** Opening Record excerpts block **
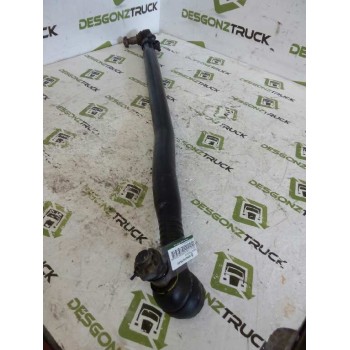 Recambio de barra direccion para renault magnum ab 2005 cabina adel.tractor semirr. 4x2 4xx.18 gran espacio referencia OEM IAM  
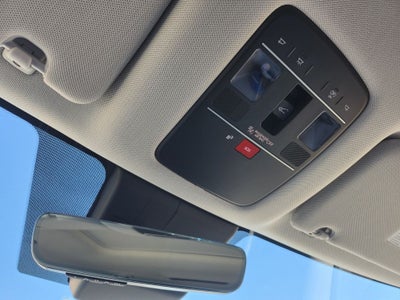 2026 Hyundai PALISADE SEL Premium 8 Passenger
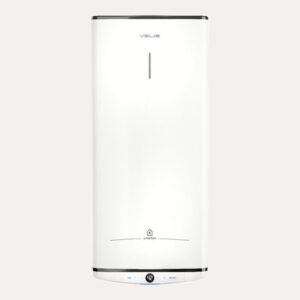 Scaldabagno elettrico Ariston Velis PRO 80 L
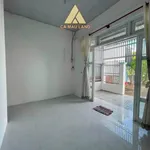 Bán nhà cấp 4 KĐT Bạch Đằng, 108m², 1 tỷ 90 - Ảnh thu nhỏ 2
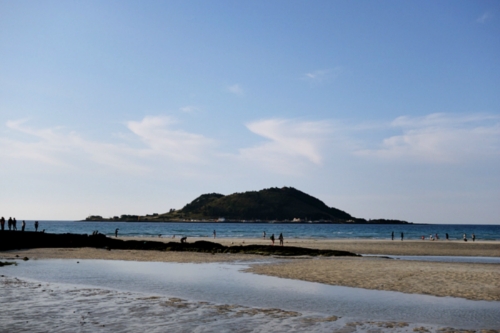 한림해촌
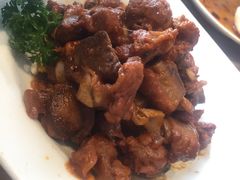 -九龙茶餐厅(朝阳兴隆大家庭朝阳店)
** Closing Record excerpts block **
What to work on: Give back every entry in full, exactly as written, with no picture included.

Answer for the task:
 Recambio de barra direccion para renault magnum ab 2005 cabina adel.tractor semirr. 4x2 4xx.18 gran espacio referencia OEM IAM  
 2026 Hyundai PALISADE SEL Premium 8 Passenger
 Scaldabagno elettrico Ariston Velis PRO 80 L
 Bán nhà cấp 4 KĐT Bạch Đằng, 108m², 1 tỷ 90 - Ảnh thu nhỏ 2
 한림해촌
 -九龙茶餐厅(朝阳兴隆大家庭朝阳店)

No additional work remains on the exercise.